To analyze the sensitivity of key hyperparameters, we conduct a detailed ablation study on the DAM and OGDH modules as summarized in

Table 6. Sensitivity analysis of hyperparameters in DAM and OGDH modules on SSDD+ across diverse scenarios.

(a) Impact of dynamic convolution kernel number k.
	k	P	R	mAP	mAP50:95	mAPin	mAPoff	Params	GFLOPs	FPS
	2	96.2	92.5	96.7	52.7	91.4	98.7	1.98	5.00	69.9
DAM	4	97.4	94.7	96.8	54.4	92.1	98.6	2.15	5.00	70.4
	8	96.6	93.0	96.6	54.2	91.3	98.6	2.51	5.00	70.4
(b) Impact of group normalization number g.
	g	P	R	mAP	mAP50:95	mAPin	mAPoff	Params	GFLOPs	FPS
	8	94.1	93.8	96.4	53.3	89.5	98.9	2.15	5.00	69.9
OGDH	16	97.4	94.7	96.8	54.4	92.1	98.6	2.15	5.00	70.4
	32	96.5	91.6	95.9	53.1	89.3	98.3	2.15	5.00	69.4

. For the DAM module, different numbers of dynamic convolution kernels ($k\in \{2,4,8\}$) are evaluated. Increasing k from 2 to 4 leads to a substantial 1.7% improvement in $mA{P}_{50:95}$ and improves performance in inshore scenarios, indicating enhanced localization robustness under complex clutter conditions. Although $k=2$ exhibits a marginal advantage in simple offshore scenes, it lacks competitiveness in complex areas. Further increasing k to 8 does not bring additional performance gains while introducing extra parameters. For the OGDH module, we investigate the impact of the group normalization parameter ($g\in \{8,16,32\}$). While $g=8$ shows slight gains in offshore scenarios, $g=16$ achieves a superior $mA{P}_{\mathrm{in}}$ of 92.1%, outperforming the $g=8$ configuration by 2.6%. In contrast, setting $g=32$ degrades both P and R, suggesting that overly fine-grained normalization may disrupt stable feature statistics. These observations suggest that the combination of $k=4$ and $g=16$ provides a more robust and stable configuration across diverse SAR maritime scenarios. Notably, the FLOPs remain constant at 5.00 G across all configurations of k and g, indicating that hyperparameter tuning does not introduce additional computational overhead or latency.

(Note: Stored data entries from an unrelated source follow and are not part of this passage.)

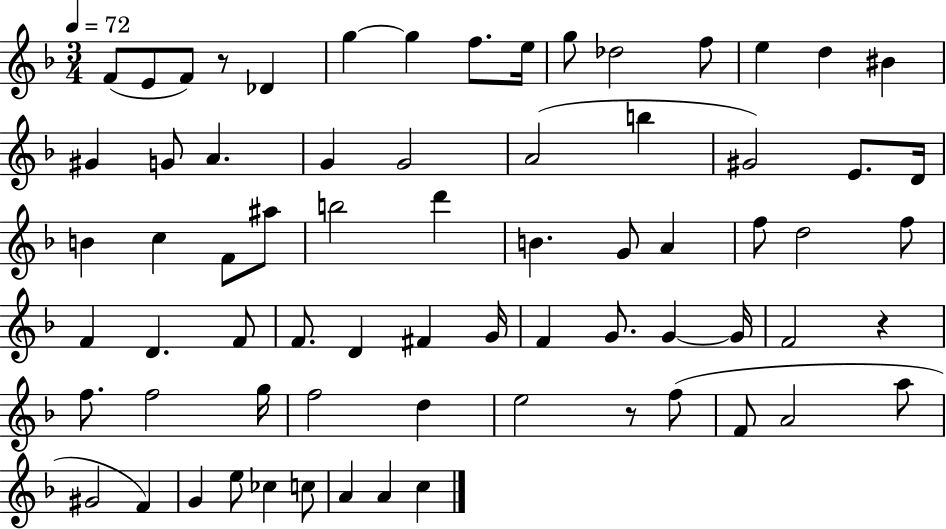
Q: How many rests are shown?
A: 3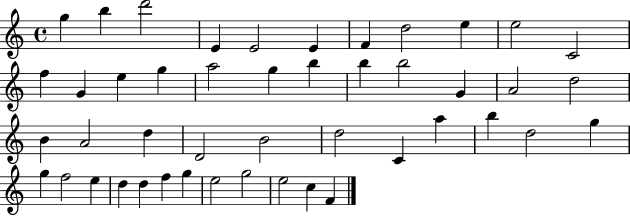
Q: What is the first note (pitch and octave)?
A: G5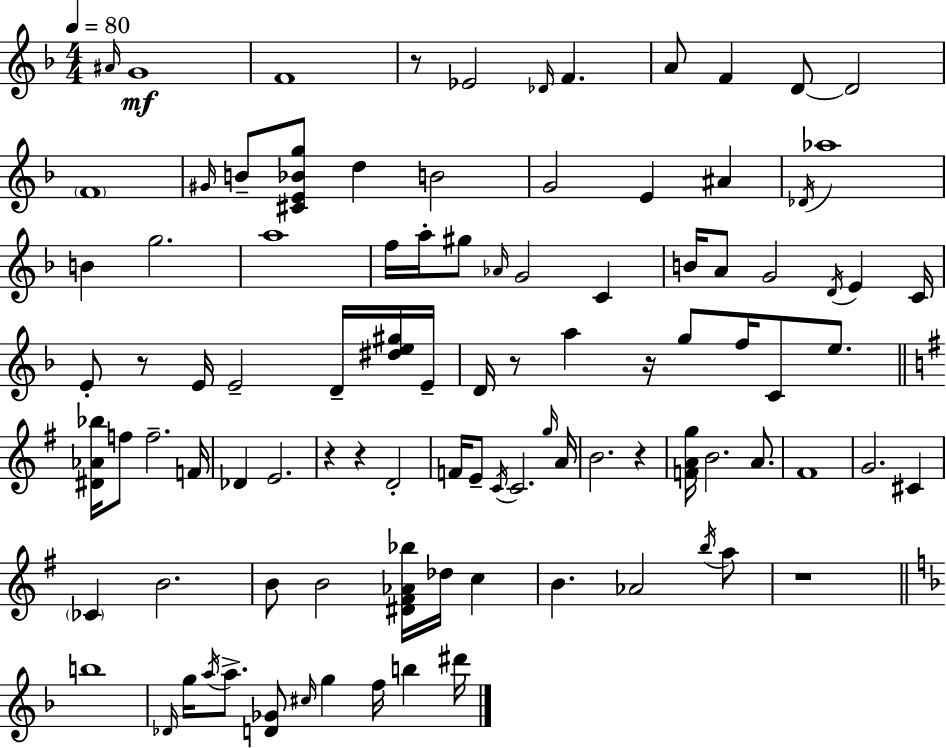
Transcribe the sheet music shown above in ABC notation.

X:1
T:Untitled
M:4/4
L:1/4
K:F
^A/4 G4 F4 z/2 _E2 _D/4 F A/2 F D/2 D2 F4 ^G/4 B/2 [^CE_Bg]/2 d B2 G2 E ^A _D/4 _a4 B g2 a4 f/4 a/4 ^g/2 _A/4 G2 C B/4 A/2 G2 D/4 E C/4 E/2 z/2 E/4 E2 D/4 [^de^g]/4 E/4 D/4 z/2 a z/4 g/2 f/4 C/2 e/2 [^D_A_b]/4 f/2 f2 F/4 _D E2 z z D2 F/4 E/2 C/4 C2 g/4 A/4 B2 z [FAg]/4 B2 A/2 ^F4 G2 ^C _C B2 B/2 B2 [^D^F_A_b]/4 _d/4 c B _A2 b/4 a/2 z4 b4 _D/4 g/4 a/4 a/2 [D_G]/2 ^c/4 g f/4 b ^d'/4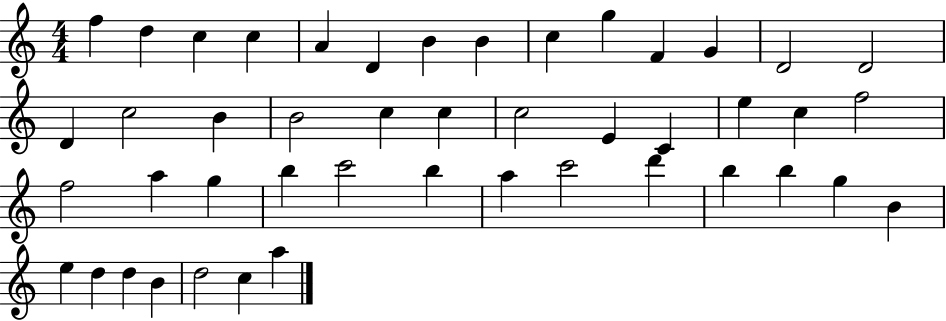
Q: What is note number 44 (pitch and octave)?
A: D5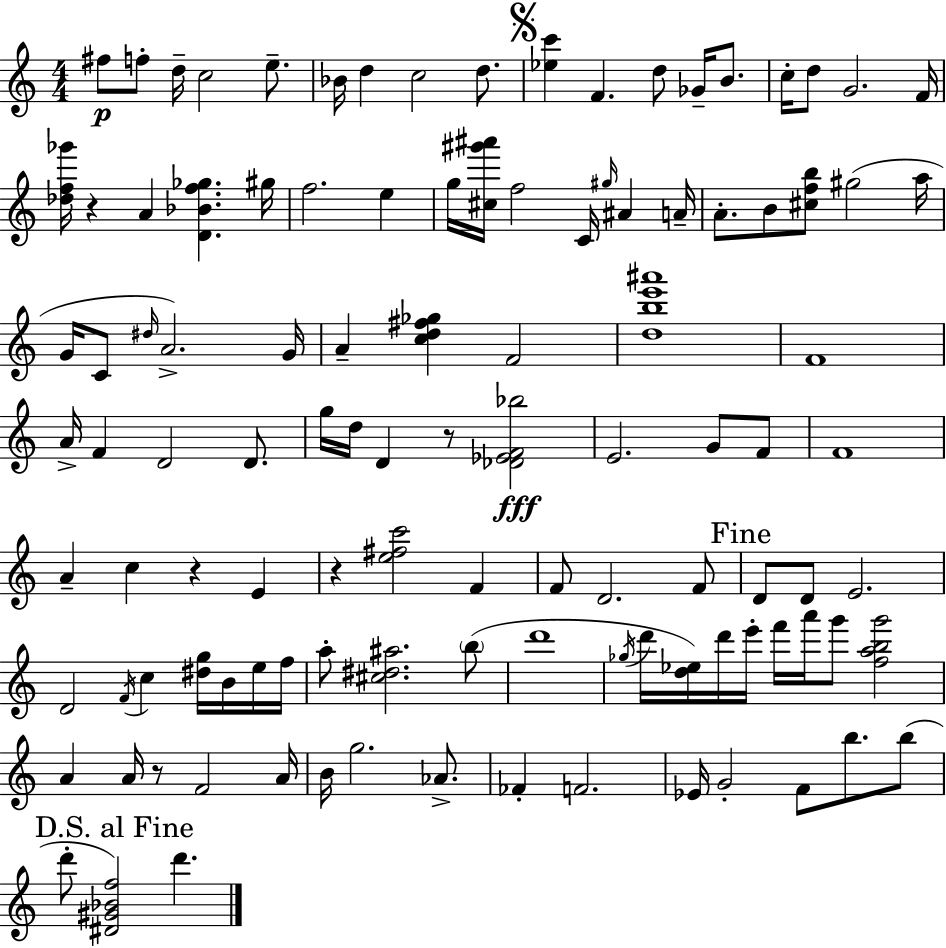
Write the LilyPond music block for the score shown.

{
  \clef treble
  \numericTimeSignature
  \time 4/4
  \key c \major
  fis''8\p f''8-. d''16-- c''2 e''8.-- | bes'16 d''4 c''2 d''8. | \mark \markup { \musicglyph "scripts.segno" } <ees'' c'''>4 f'4. d''8 ges'16-- b'8. | c''16-. d''8 g'2. f'16 | \break <des'' f'' ges'''>16 r4 a'4 <d' bes' f'' ges''>4. gis''16 | f''2. e''4 | g''16 <cis'' gis''' ais'''>16 f''2 c'16 \grace { gis''16 } ais'4 | a'16-- a'8.-. b'8 <cis'' f'' b''>8 gis''2( | \break a''16 g'16 c'8 \grace { dis''16 }) a'2.-> | g'16 a'4-- <c'' d'' fis'' ges''>4 f'2 | <d'' b'' e''' ais'''>1 | f'1 | \break a'16-> f'4 d'2 d'8. | g''16 d''16 d'4 r8 <des' ees' f' bes''>2\fff | e'2. g'8 | f'8 f'1 | \break a'4-- c''4 r4 e'4 | r4 <e'' fis'' c'''>2 f'4 | f'8 d'2. | f'8 \mark "Fine" d'8 d'8 e'2. | \break d'2 \acciaccatura { f'16 } c''4 <dis'' g''>16 | b'16 e''16 f''16 a''8-. <cis'' dis'' ais''>2. | \parenthesize b''8( d'''1 | \acciaccatura { ges''16 } d'''16 <d'' ees''>16) d'''16 e'''16-. f'''16 a'''16 g'''8 <f'' a'' b'' g'''>2 | \break a'4 a'16 r8 f'2 | a'16 b'16 g''2. | aes'8.-> fes'4-. f'2. | ees'16 g'2-. f'8 b''8. | \break b''8( \mark "D.S. al Fine" d'''8-. <dis' gis' bes' f''>2) d'''4. | \bar "|."
}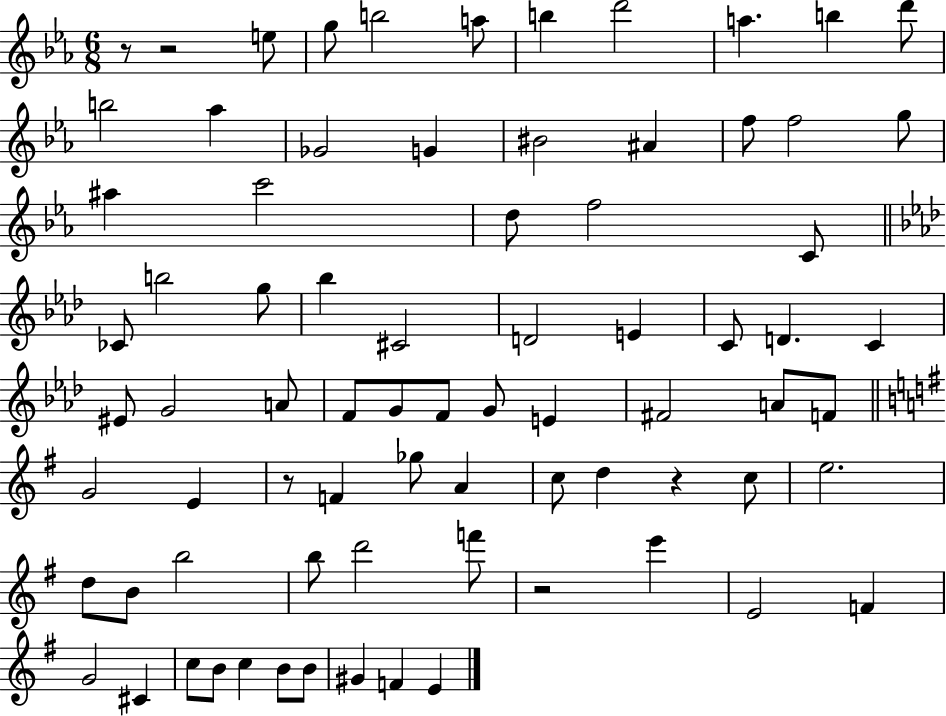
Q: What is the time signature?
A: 6/8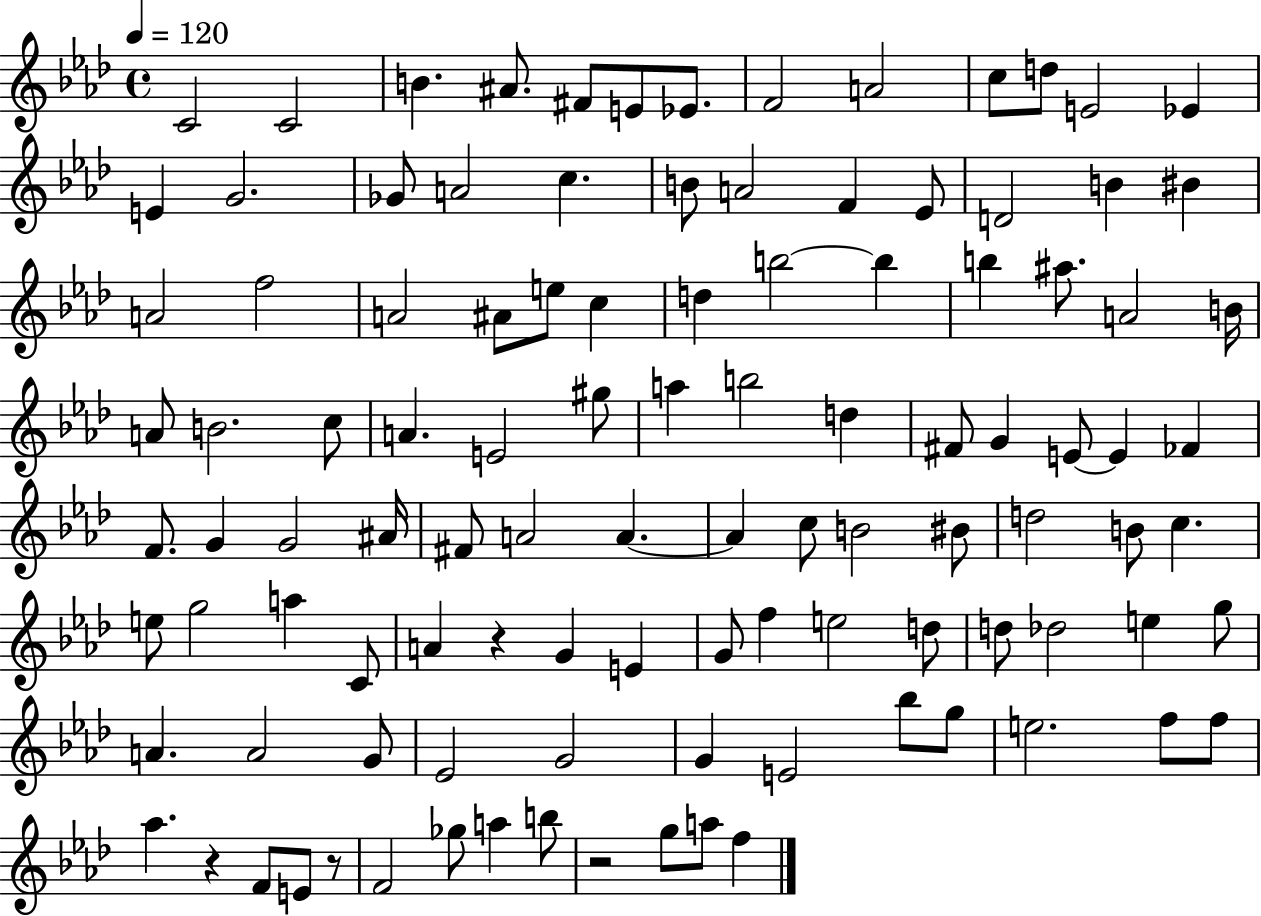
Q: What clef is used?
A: treble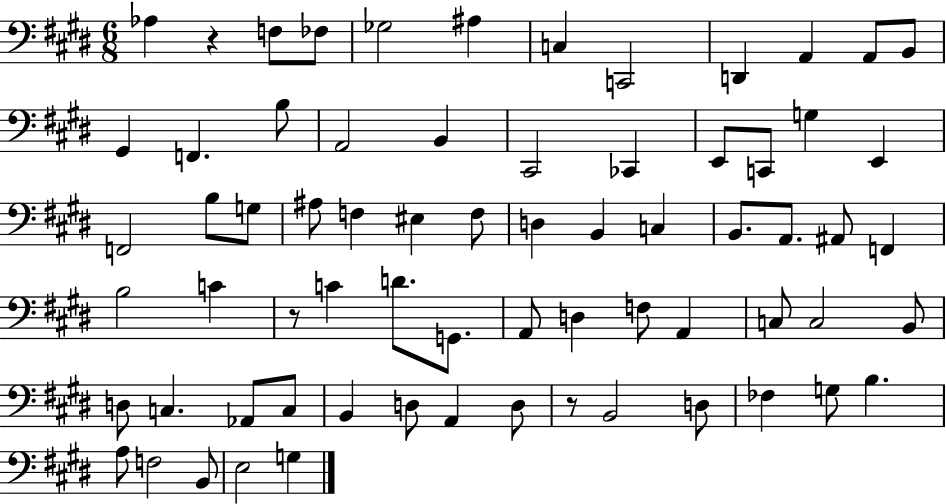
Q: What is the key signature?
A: E major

As illustrated in Figure 7, the proposed LQE improves the consistency between classification confidence and localization quality. Compared with the baseline model, the confidence scores calibrated by LQE exhibit a clearer positive correlation with IoU and are closer to the ideal alignment line. This improvement is further reflected by a reduction in the mean absolute error (MAE) from 0.138 to 0.130, indicating that the calibrated confidence better reflects localization reliability.

5. Discussion

These experimental results demonstrate that, for SAR ship detection, optimizing the feature aggregation and task alignment is more important than simply increasing the network depth. YOSDet maintains high precision in nearshore scenarios (92.1% $mAP$ on SSDD+ and 75.4% $mAP$ on HRSID), where baseline models often struggle with land clutter. This robustness indicates that adaptive feature aggregation plays an important role in mitigating the influence of complex coastal scattering, rather than relying solely on deeper network structures. Unlike standard convolutions with fixed weights, the DAM adjusts its kernels dynamically based on input backscattering patterns, which provides a flexible mechanism to adapt feature responses under heterogeneous SAR imaging conditions, enabling the model to emphasize structured hull scattering while suppressing random reflections from surrounding infrastructure.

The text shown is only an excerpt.